The audience was now laughing and talking where, but a few minutes before, it had been a maddened, unreasoning throng; and shortly began dispersing, and soon there remained only a few, including those in charge of the entertainment. Miss Mapes was among them.
“I’m sure it was the luckiest thing in the world that you boys came,” she said to the chums. “What would have happened if Ned hadn’t played that cornet?”
“Oh, anyone could have done that,” said Ned, who was wishing he could get away from the praise.
“Of course they could, if they had thought of it, but you were the only one who did.”
“I guess some of the other boys would, if I had given them the chance,” replied the hero of the occasion. “I happened to be nearest the instrument, that’s all.”
“Well, it’s a great deal,” responded the teacher. “I’ll send you boys tickets to every entertainment we have.”
“That will be fine,” put in Fenn with a laugh.
“I vote we go home,” said Bart. “Don’t seem to be any more panics to put down.”
The four chums, and the girls, left, each one trying to outdo the other in telling of what they thought and what they saw during the excitement. It was as near a tragedy as had ever happened in the town, and the next day’s paper devoted the whole front page to it, including a vivid description of what Ned had done.
“I’m going to leave town,” declared Ned the next afternoon, as he met his chums.
“What’s the matter?” asked Frank.
“Why everyone I meet on the street stops me and asks me all about it.

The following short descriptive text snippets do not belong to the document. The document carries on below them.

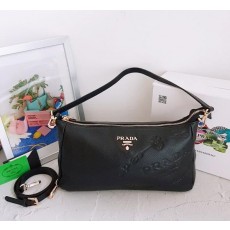 프** 고급 유진 불박크로스백 블랙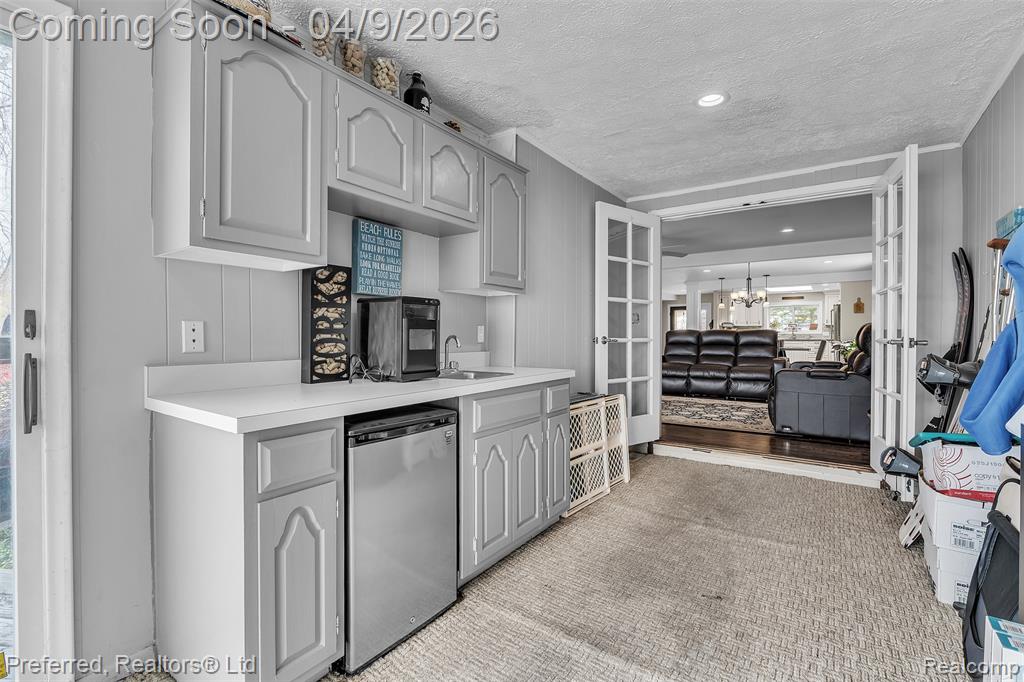 4869 Motorway Drive, Waterford, MI 48328 — Photo 28
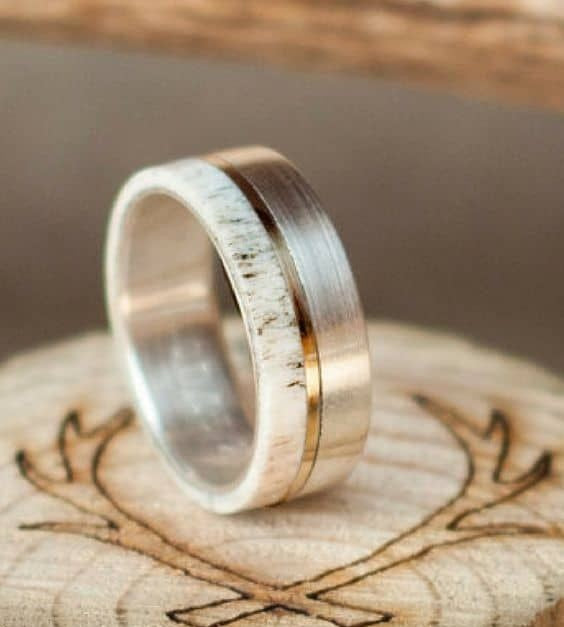 The Ultimate Guide to Men's Wedding Rings: A Symbol of Love and Commitment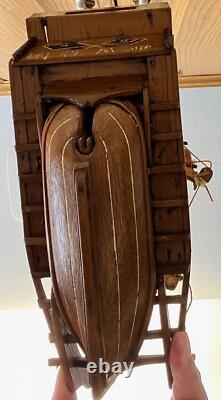 Modèle en bois ancien fait à la main d'un bateau junk chinois acheté en 1952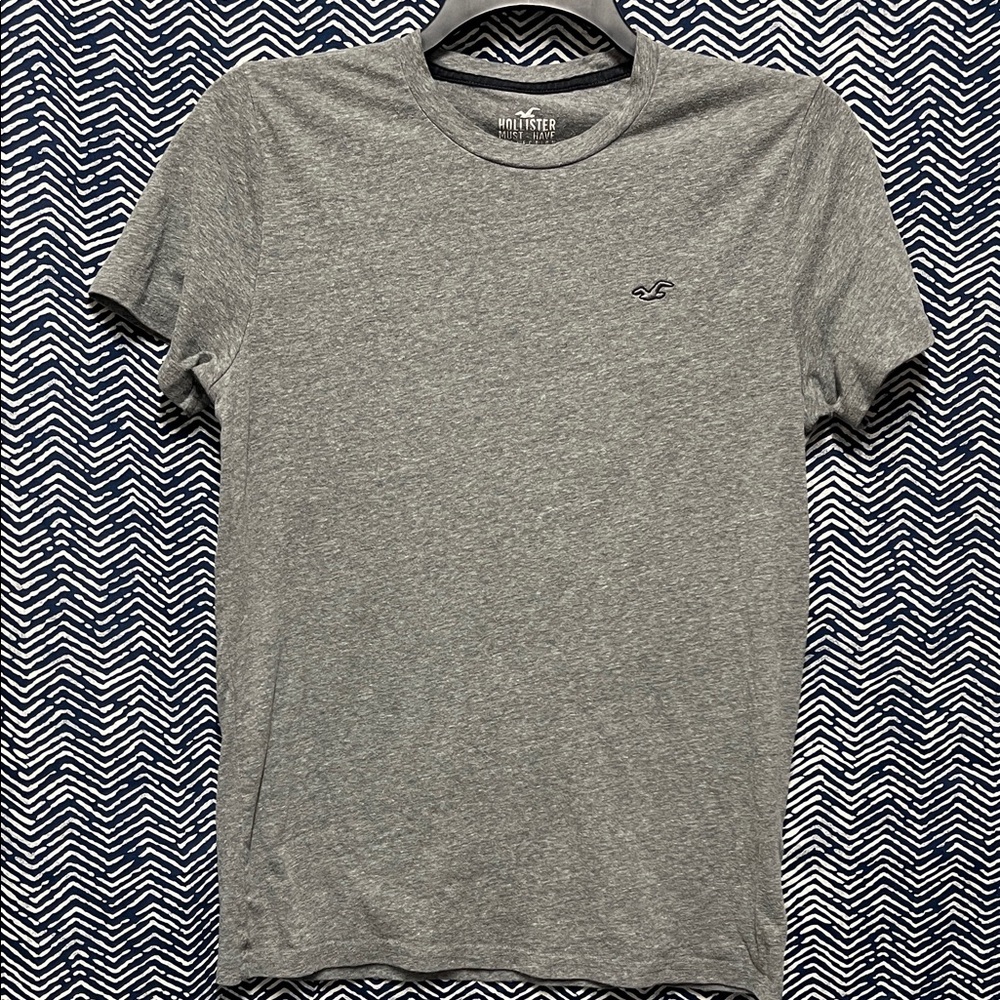 Hollister Men's Heather Gray Tee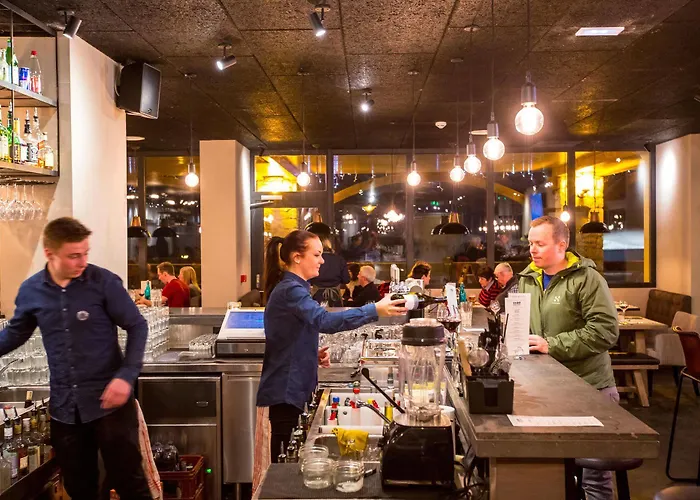 Langley 2100 Szálloda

I’m tired of telling of it and hearing about it.”
“You’re not used to being a hero,” said Bart. “Wait until some society sends you a medal and you’ll be so proud you won’t speak to any of us.”
“Speaking of leaving town makes me think it would be a good plan,” put in Fenn.
“What! Have you been robbing a bank or doing something else, that you want to skip out?” asked Bart.
“No, but we haven’t had any real sport since school closed, and it’s about time we did. I was going to propose taking a trip up the river say for about twenty miles, and camping out for a week. That would be fun.”
“You’re right!” exclaimed Ned. “I’ll go with you for one.”
“Count me in,” said Bart, and Frank added that he wasn’t going to be left behind.
“This is my plan,” went on Fenn. “We can take a small shelter tent, some blankets and a camp cook stove. The boat is big enough to carry all that, besides us, and some things to eat. The weather is fine now, and just right for sleeping out of doors. We can row along slowly, stopping where ever we want to, and tying up along shore for the night. What do you say?”
“Couldn’t be better,” declared Ned. “When can we start?”
“To-morrow if you want to, as far as I’m concerned,” put in Bart.
“It will take a couple of days to get ready,” observed Fenn. “Suppose we say Thursday?”
This was agreed upon, and the boys separated to make arrangements for the trip. They owned, jointly, a small tent that could be used for shelter at night, and a small portable stove which they had utilized on previous camping trips.
Thursday morning saw the boat loaded until there was hardly room for the boys. The craft was heavy but they did not mind that, and there was no grumbling when it fell to the lot of Frank and Ned to do the rowing for the first stage.
“We’ll stop at Riverton on our way up and hire a canoe,” said Bart. “A fellow there has a dock and keeps good boats. We’ll want to do a little paddling about and we can’t, very well, if we have all our camp stuff in this heavy craft. We can tow the canoe behind us, and use it while we’re in camp.”
The others agreed that this would be a good plan, and Bart, having taken a final look over the boat to see that everything was in ship-shape, gave the order to start.